**TASK TO CARRY OUT**
Starting with the line that holds "LUX-TOOLS Rohrdoppelnippel AG" and stopping after the line that holds "Close-up of the", repeat the lines below word for word, without the pictures.

**RECORDS FOR THE TASK**
☆ ☆ ☆ ☆

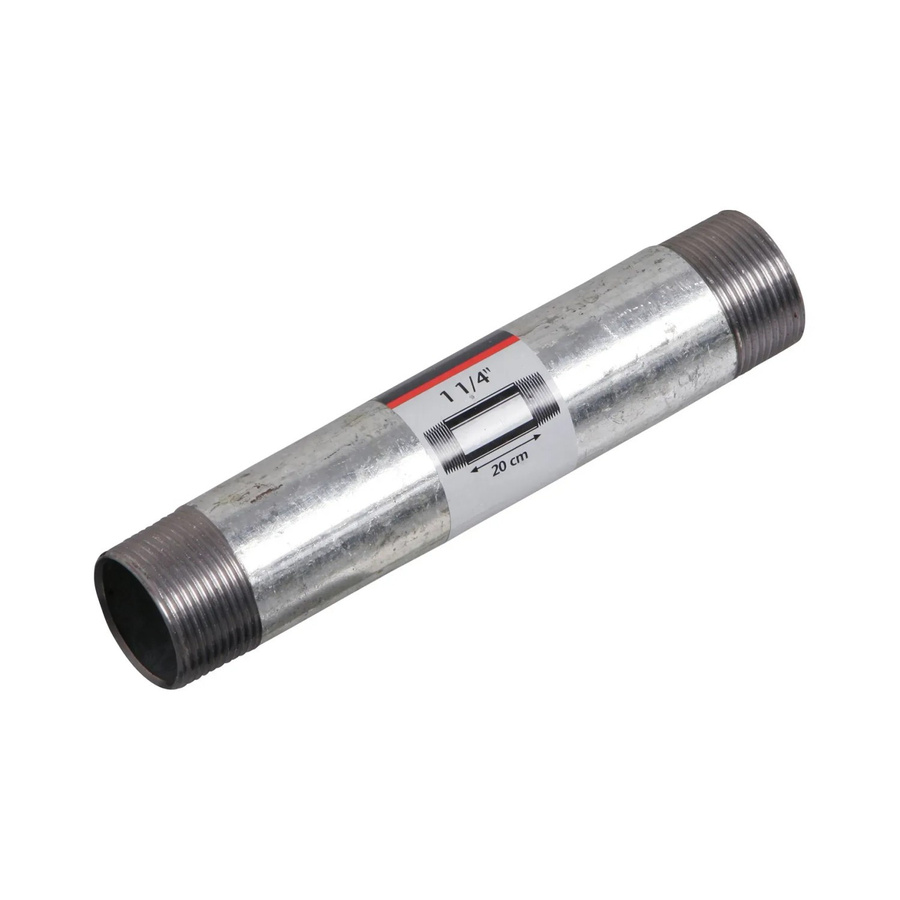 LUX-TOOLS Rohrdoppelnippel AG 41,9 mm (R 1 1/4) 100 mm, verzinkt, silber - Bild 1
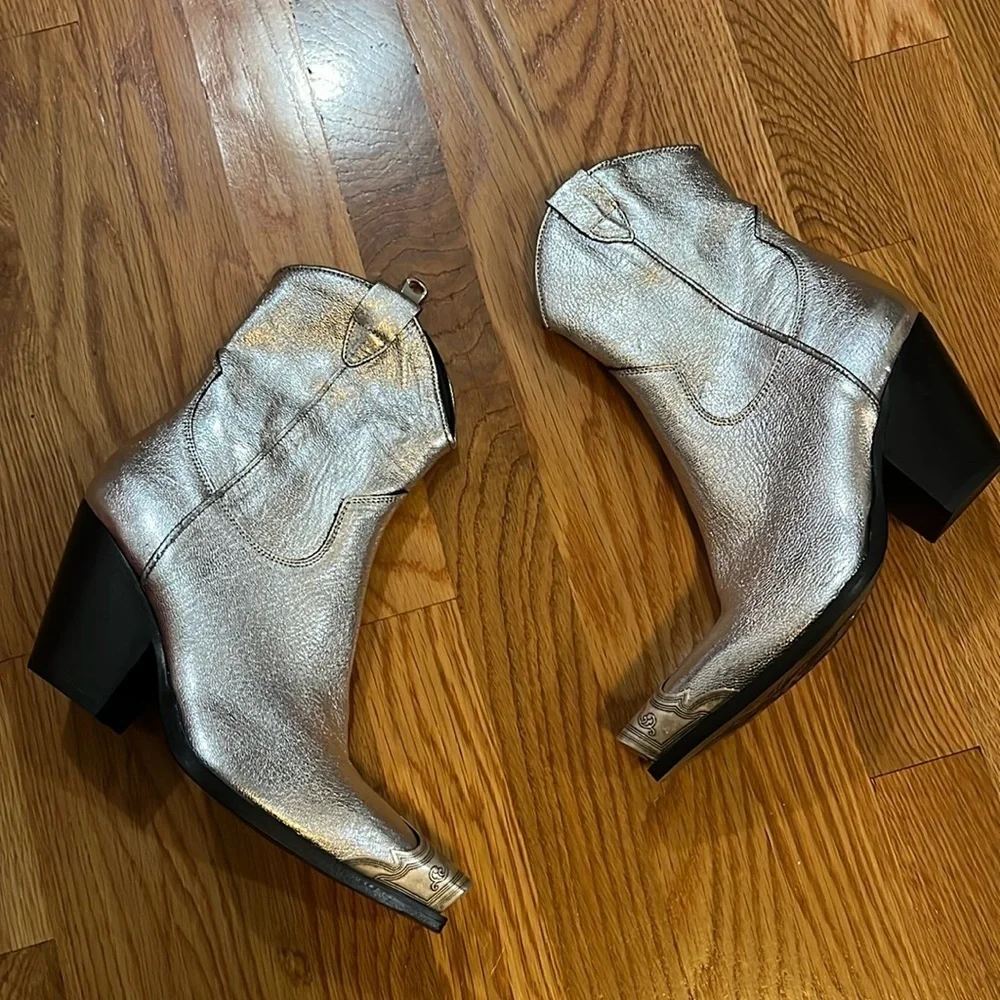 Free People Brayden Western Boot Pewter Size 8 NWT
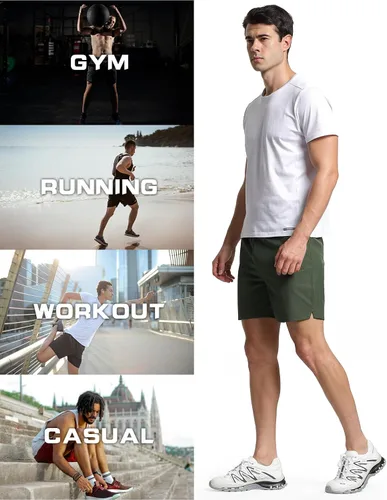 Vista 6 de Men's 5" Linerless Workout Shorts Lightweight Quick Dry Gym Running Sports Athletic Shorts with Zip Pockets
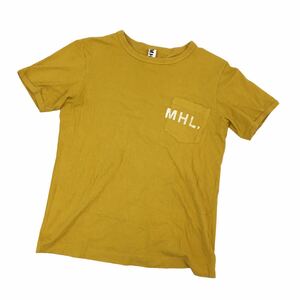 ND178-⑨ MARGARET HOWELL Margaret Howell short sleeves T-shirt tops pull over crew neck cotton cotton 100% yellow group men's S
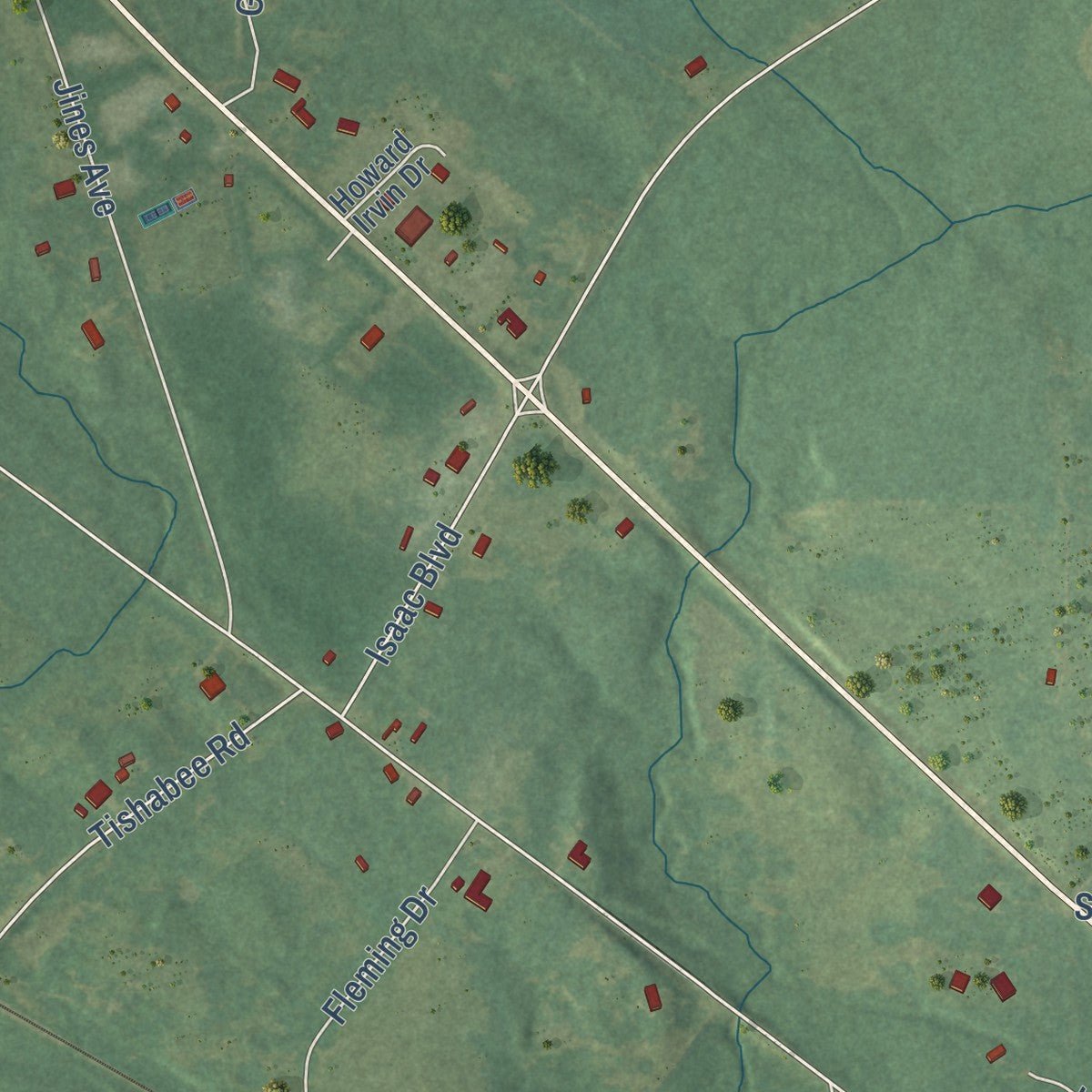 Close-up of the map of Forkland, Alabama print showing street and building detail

☆ ☆ ☆ ☆

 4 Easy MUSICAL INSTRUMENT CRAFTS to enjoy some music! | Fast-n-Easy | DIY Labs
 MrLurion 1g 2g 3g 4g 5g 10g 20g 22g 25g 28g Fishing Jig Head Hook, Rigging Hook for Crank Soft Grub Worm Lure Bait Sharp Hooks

☆ ☆ ☆ ☆

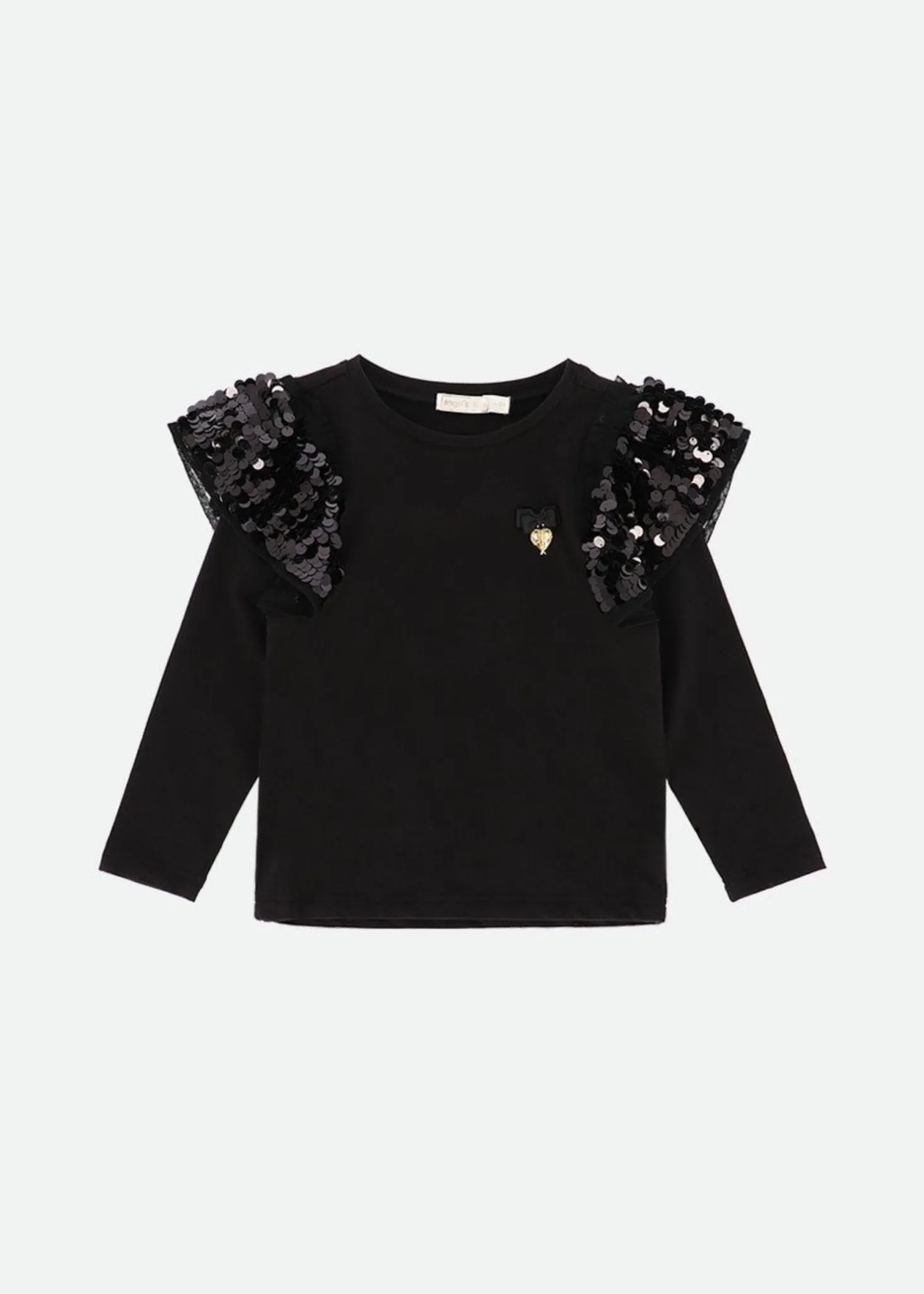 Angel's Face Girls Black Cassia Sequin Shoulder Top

☆ ☆ ☆ ☆

**EXPECTED ANSWER**
 LUX-TOOLS Rohrdoppelnippel AG 41,9 mm (R 1 1/4) 100 mm, verzinkt, silber - Bild 1
 Free People Brayden Western Boot Pewter Size 8 NWT
 Vista 6 de Men's 5" Linerless Workout Shorts Lightweight Quick Dry Gym Running Sports Athletic Shorts with Zip Pockets
 ND178-⑨ MARGARET HOWELL Margaret Howell short sleeves T-shirt tops pull over crew neck cotton cotton 100% yellow group men's S
 Close-up of the map of Forkland, Alabama print showing street and building detail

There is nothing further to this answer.